I hate writing the word "violation" because on top of the horrible act, just using the word feels shaming, as in "I'm bad,". But it was a violation and in this case, my "badness" feels not only accurate but true. I had done something bad. Two bad things in fact: I had left the car unlocked when everyone knows that's not safe and I kept my bag in the car overnight, another "everyone knows" . But as Brene Brown tells us, not talking about shame allows it to thrive. And since I knew that was the last thing I needed, I decided to talk. I alerted the neighborhood list serve. I called the police and told my husband. I told my officemate; I talked about it with a friend and then a local shop owner. Interestingly, it ended up being the Durham police officer who took the report who made me feel okay again first, "It happens to everyone," he told me. "the first time I left my Jeep unlocked, my GPS was stolen." I'm not sure why I assumed a policeman would not be someone to share a violating experience, but there it was. I immediately felt better. He did something that I did and he told me about it. That can be worth its weight in gold to someone in shame.

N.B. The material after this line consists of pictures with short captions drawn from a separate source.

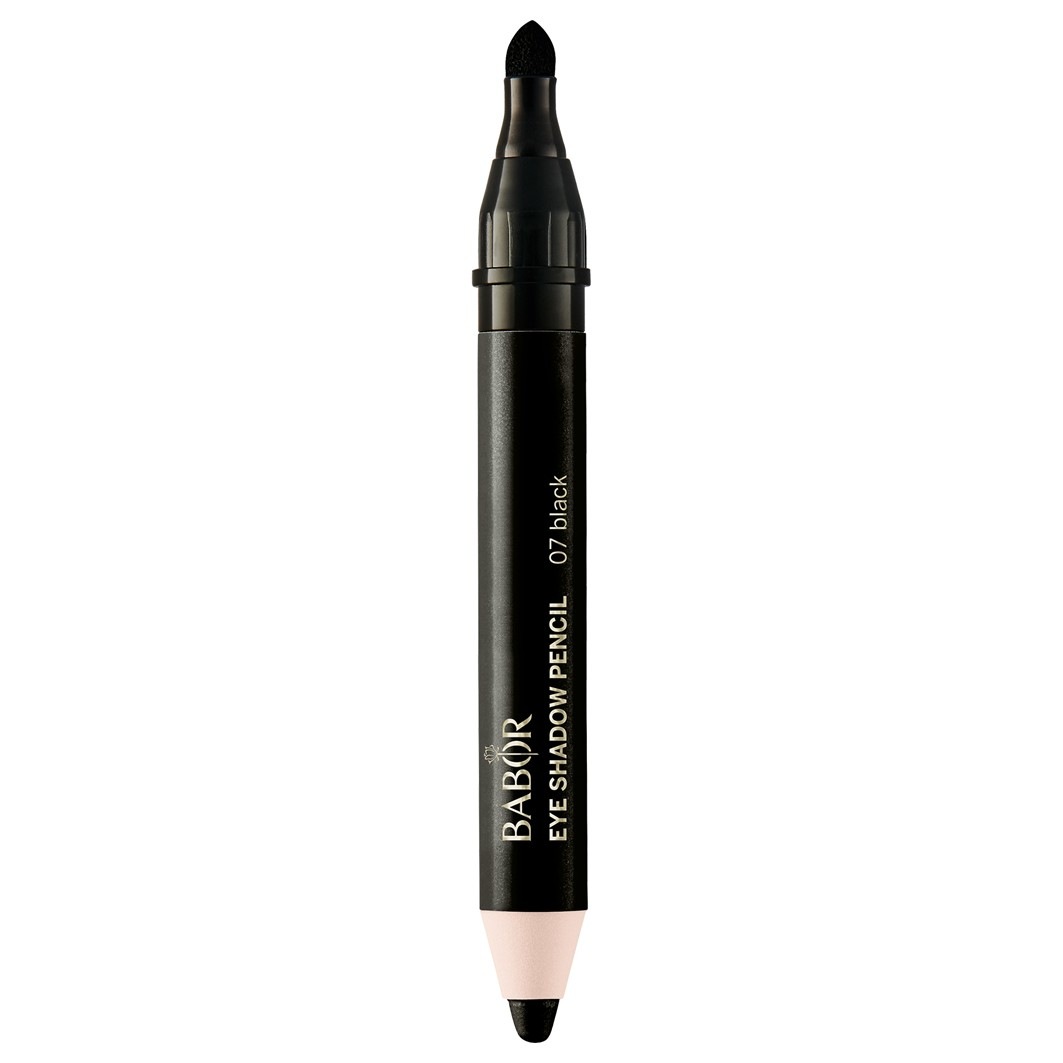 Тени для век eye shadow pencil Babor, nr. 07 - black, вес 2 гр.
Тени для век eye shadow pencil Babor, nr. 07 - black, вес 2 гр.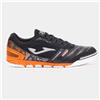 Joma Mundial 2501 Indoor Nero/Arancione da Uomo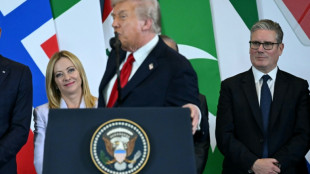 "Sie ist eine schöne junge Frau": Trump lobt Meloni bei Gaza-Gipfel für ihr Äußeres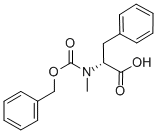 CAS#: 114526-00-0, N-Methyl-N-[(Phenylmethoxy)Carbonyl]-D-Phenylalanine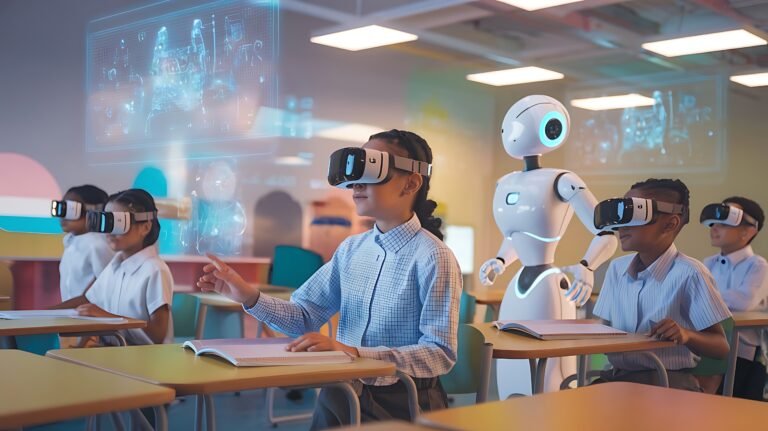 Empowering Students with AI Ready Skills 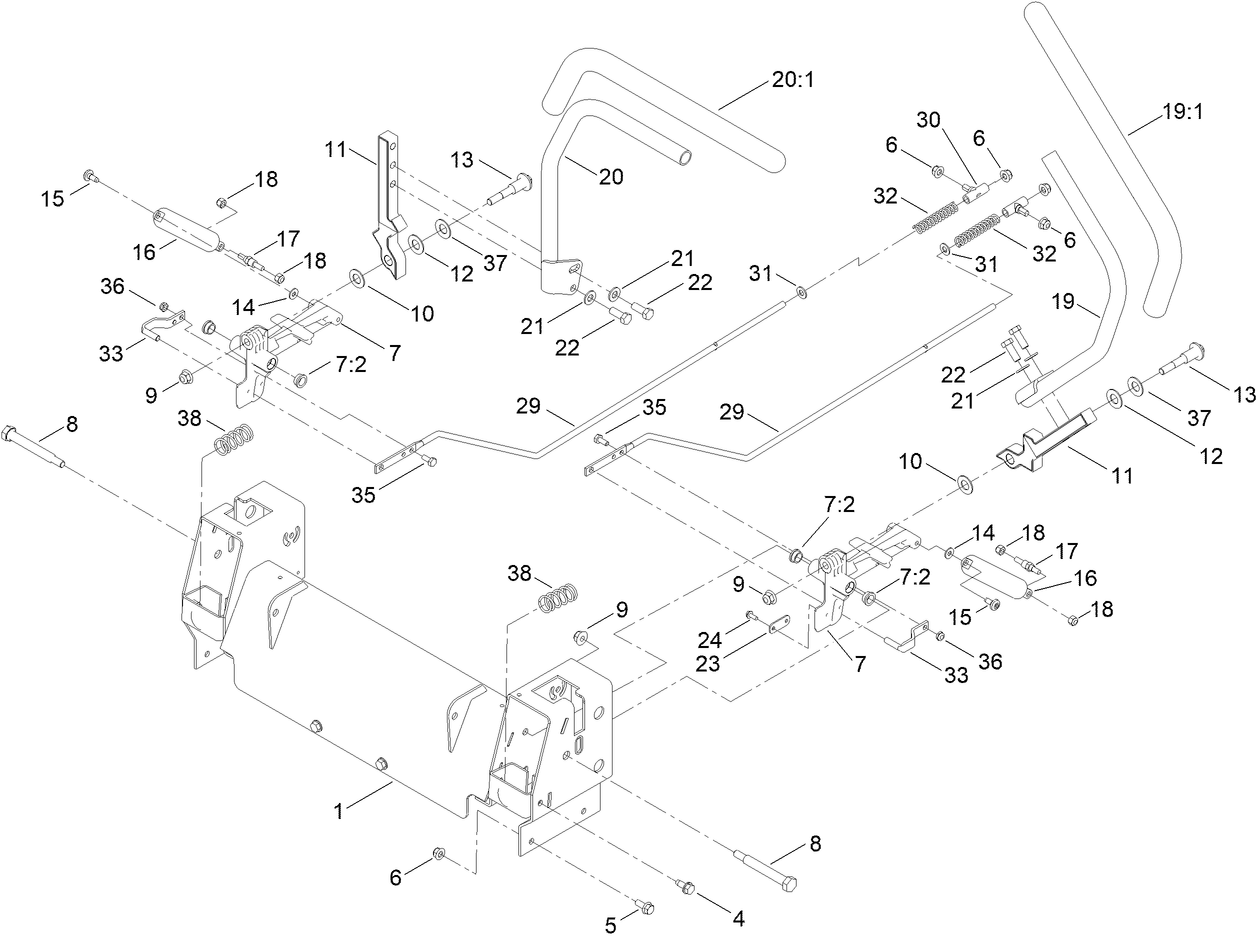 Motion Control Assembly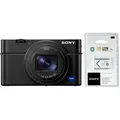 Sony DSC-RX100 Mark VII + Sony Akku BX1 | Preis nach Code MAI26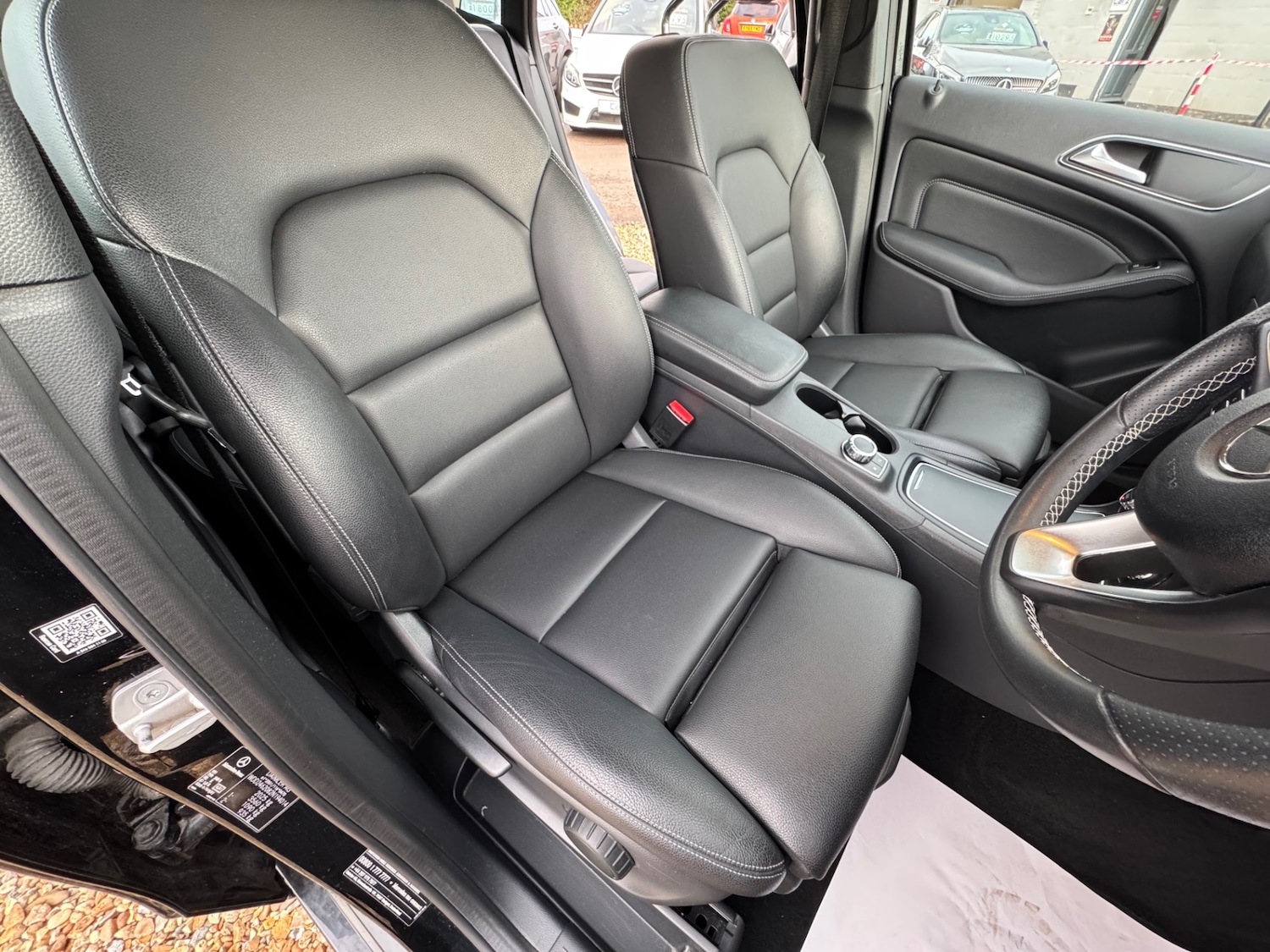 Used Mercedes-Benz B Class 2017 for sale - 77532317: Photo 15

Here's the thing, even though not everyone's response was as empathetic as the police officer's (I received a single, one sentence email back from someone on the list serve asking which street I lived on, not after me or even sympathy for the crime), I'll do it again. And again, and again and again. Because even though everyone had forgotten that a crime had been committed and some empathy is absolutely deserved, I'm not "bad". I'm a human who made a mistake. In owning the mistake, in sharing my failure and actually dwelling in it a bit, I became in a better place to move past it and not get caught up in negative self-talk or waffling indecision. I know I need that closure to be in the present, focus on what's important now and not get bogged down by what I can't change.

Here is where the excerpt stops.